### YOUR GOAL
Your reply must contain exactly the lines running from the one with "Wooden Doors in excellent Condition 0" to the last line of the entries below, both included, and no other lines.

Recorded data:
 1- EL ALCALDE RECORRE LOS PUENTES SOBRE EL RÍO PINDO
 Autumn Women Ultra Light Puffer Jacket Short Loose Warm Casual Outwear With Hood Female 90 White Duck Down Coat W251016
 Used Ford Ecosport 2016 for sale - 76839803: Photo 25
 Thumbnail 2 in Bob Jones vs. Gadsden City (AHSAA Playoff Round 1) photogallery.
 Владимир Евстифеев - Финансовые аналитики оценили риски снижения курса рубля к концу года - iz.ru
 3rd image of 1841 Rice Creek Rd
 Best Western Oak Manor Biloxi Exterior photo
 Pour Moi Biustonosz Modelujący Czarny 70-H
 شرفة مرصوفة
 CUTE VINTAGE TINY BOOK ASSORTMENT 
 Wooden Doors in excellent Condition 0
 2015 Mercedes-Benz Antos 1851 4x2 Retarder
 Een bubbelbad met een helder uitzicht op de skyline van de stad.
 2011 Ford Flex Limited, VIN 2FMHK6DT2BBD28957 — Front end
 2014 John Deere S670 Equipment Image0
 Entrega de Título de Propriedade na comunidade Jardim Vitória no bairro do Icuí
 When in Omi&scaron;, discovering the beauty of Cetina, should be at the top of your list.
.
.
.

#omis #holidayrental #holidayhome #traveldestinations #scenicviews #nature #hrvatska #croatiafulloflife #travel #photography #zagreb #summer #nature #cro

### TASK OUTPUT
 Wooden Doors in excellent Condition 0
 2015 Mercedes-Benz Antos 1851 4x2 Retarder
 Een bubbelbad met een helder uitzicht op de skyline van de stad.
 2011 Ford Flex Limited, VIN 2FMHK6DT2BBD28957 — Front end
 2014 John Deere S670 Equipment Image0
 Entrega de Título de Propriedade na comunidade Jardim Vitória no bairro do Icuí
 When in Omi&scaron;, discovering the beauty of Cetina, should be at the top of your list.
.
.
.

#omis #holidayrental #holidayhome #traveldestinations #scenicviews #nature #hrvatska #croatiafulloflife #travel #photography #zagreb #summer #nature #cro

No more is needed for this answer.